Repeat the data exactly, please; no pictures belong in the copy.

PROVIDED DATA -
◆ ◆ ◆

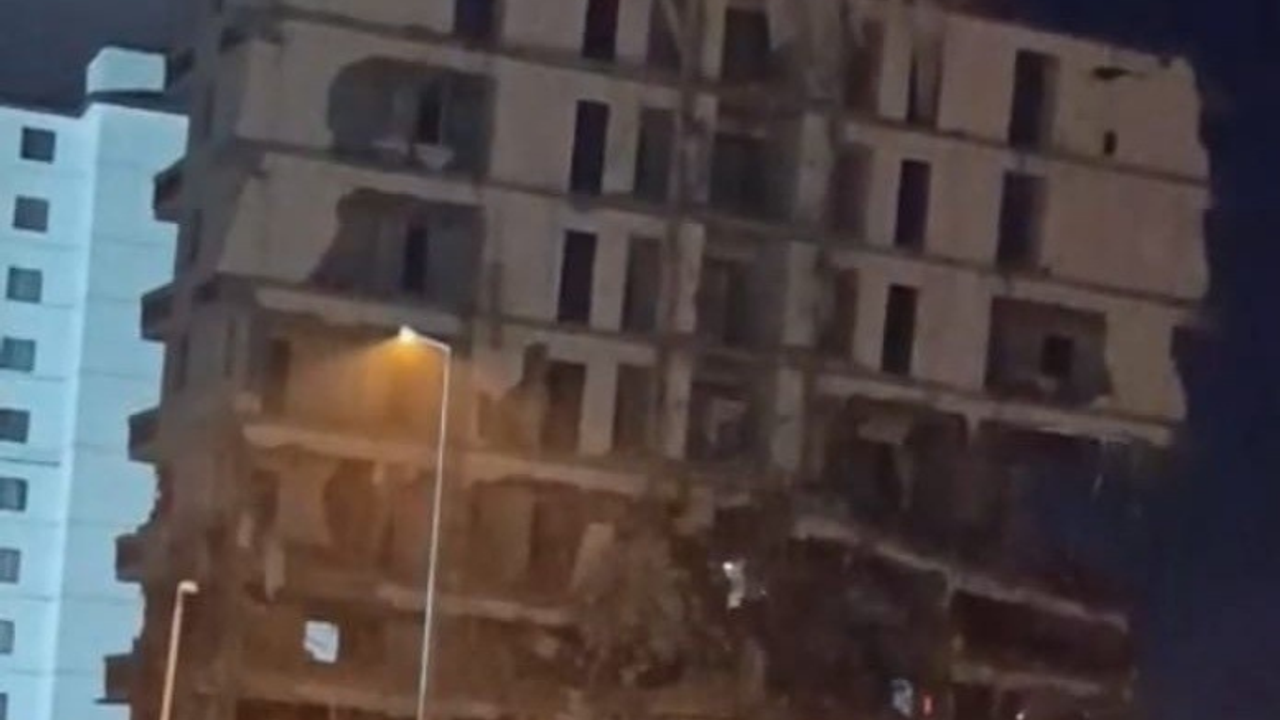 Ağır hasarlı bina göz açıp kapayana dek yıkıldı Ağır hasarlı bina göz açıp kapayana dek yıkıldı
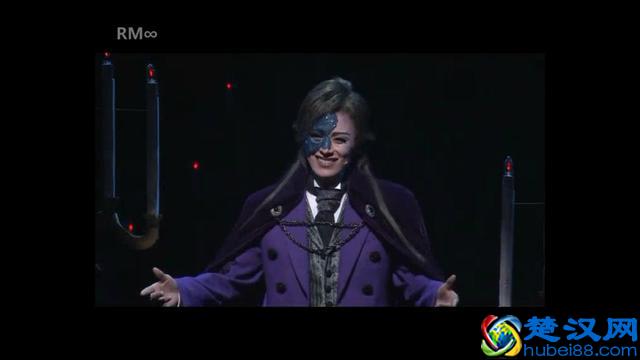 宝冢歌剧院，全日本男人的情敌，居然是比男子更英俊的女演员？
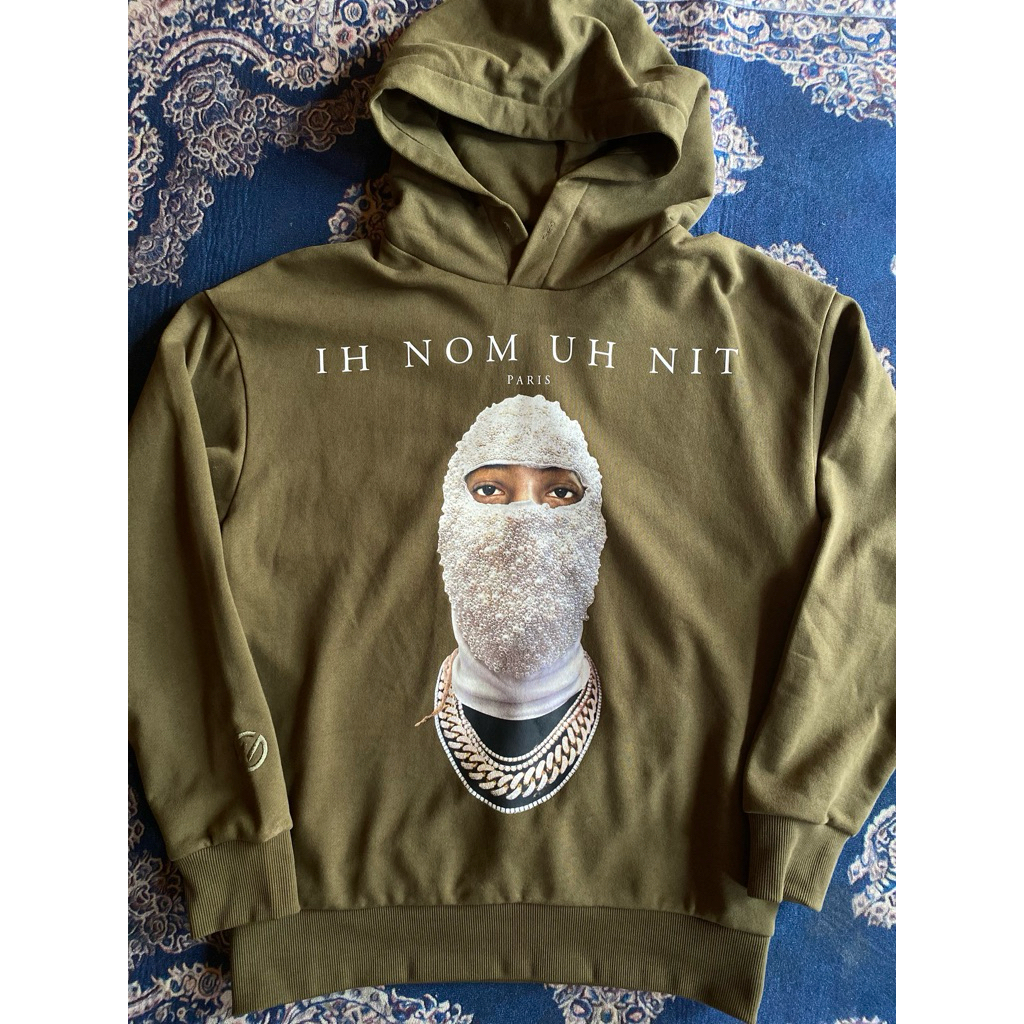 HD IH$NOM UHNIT X GXG OLIVE GREEN  ORIGINAL/AUTHENTIC 100%  SIZE M( 70 x 116)   LIKE NEW CONDITION M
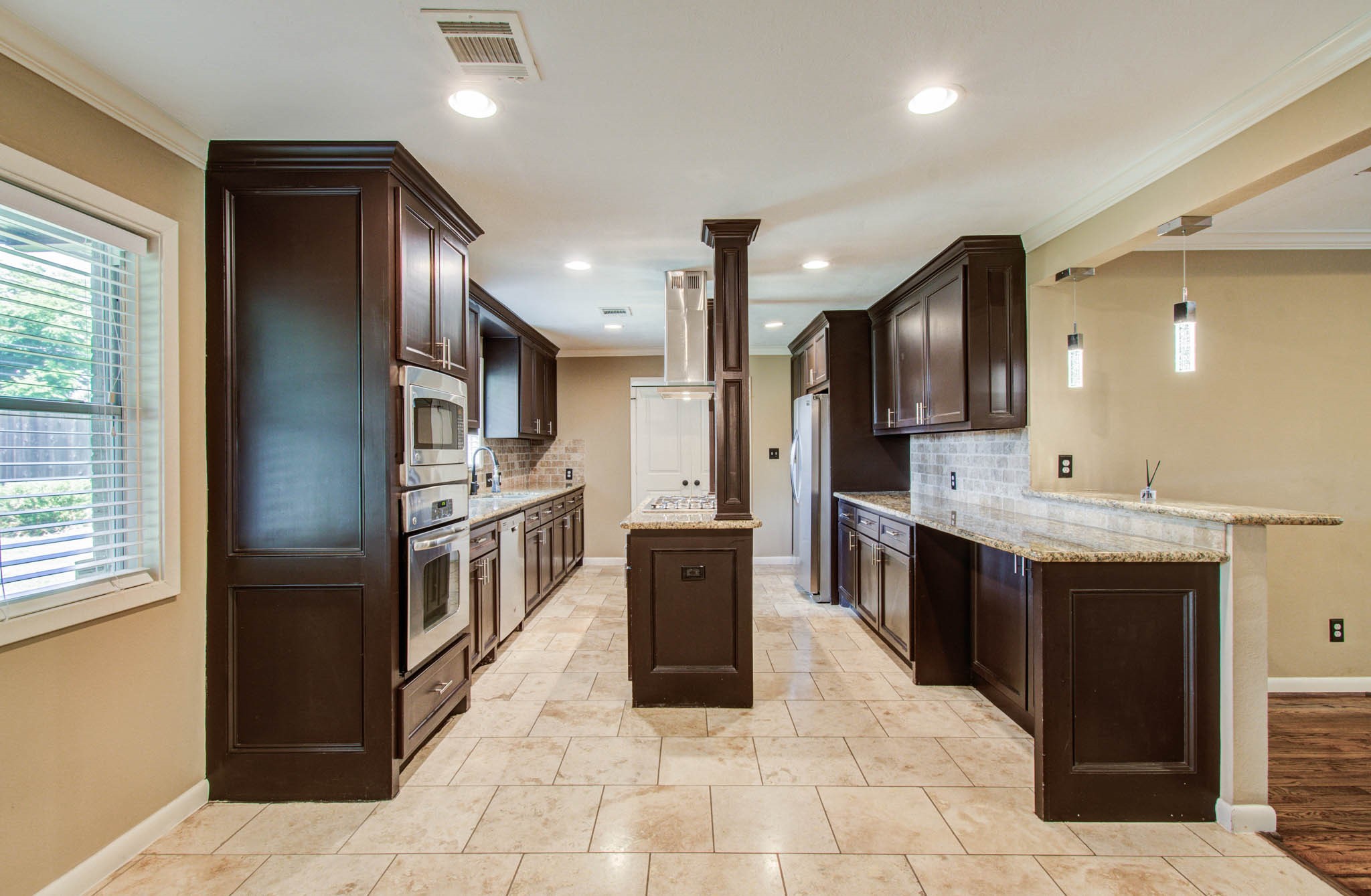 11422 Endicott Lane Property Photo 10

◆ ◆ ◆

SOLVED PROBLEM -
 Ağır hasarlı bina göz açıp kapayana dek yıkıldı Ağır hasarlı bina göz açıp kapayana dek yıkıldı
 宝冢歌剧院，全日本男人的情敌，居然是比男子更英俊的女演员？
 HD IH$NOM UHNIT X GXG OLIVE GREEN  ORIGINAL/AUTHENTIC 100%  SIZE M( 70 x 116)   LIKE NEW CONDITION M
 11422 Endicott Lane Property Photo 10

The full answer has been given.